Mexicans and Discrimination
Mexicans and Discrimination
Wetback, spic and beaner are a few of the words people use when talking about a Mexican. Mexican Americans have been the victim of discrimination throughout the history of the United States. Mexicans have a very big stereotype against them. One of the main reasons that they are discriminated against is because of their illegal immigration into the United States. Like many other groups Mexicans immigrated to the United States in search of a better life. Many Mexicans are left with no choice but to come to the U. S illegally because of the cost and obstacles that one has to go through to become a citizen.

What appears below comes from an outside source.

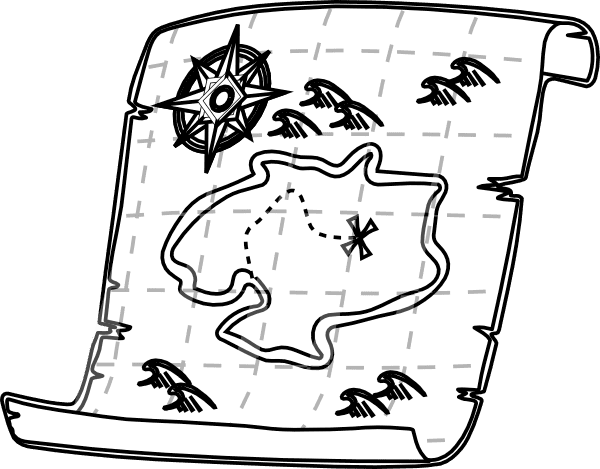 Treasure Map Clipart Black and White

Because many Mexicans come to the U. S. illegally they are often forced to work physically demanding jobs for less money. Mexican Americans have a long history of experiencing nativism and racism which has resulted in a number of discriminatory conditions and consequences such as, social and geographical segregation, employment discrimination, patterns of abuse at the hands of law enforcement officials, vigilante murder and justice, substandard education, electoral fraud, exclusion from petit and grand juries, forced dislocations from their neighborhoods, voter intimidation, and language discrimination.
(Galaviz 2007) Mexicans work under the secondary sector of the Dual labor market. The secondary Dual Labor market has low incomes, little job security, and little training. There are also no rewards apart from wages. Mexicans are forced to work for very low wages either because, as non-citizens, they lack options, or because they may realistically perceive themselves as “best off” here, even at very cheap wages, than they were back home.
(Aponte 1990) For example, many companies offer very poor working conditions and minimum wage because they know that illegal immigrants have no choice but to accept these conditions because of their status. After the United States victory in the Mexican-American War in 1848 a forced treaty was signed. The treaty was known as Treaty of Guadalupe Hidalgo. This treaty required Mexico to give up over half its land to the United States in exchange for 15 million dollars. Land given up by Mexico included California, Nevada, Utah, Arizona, and New Mexico.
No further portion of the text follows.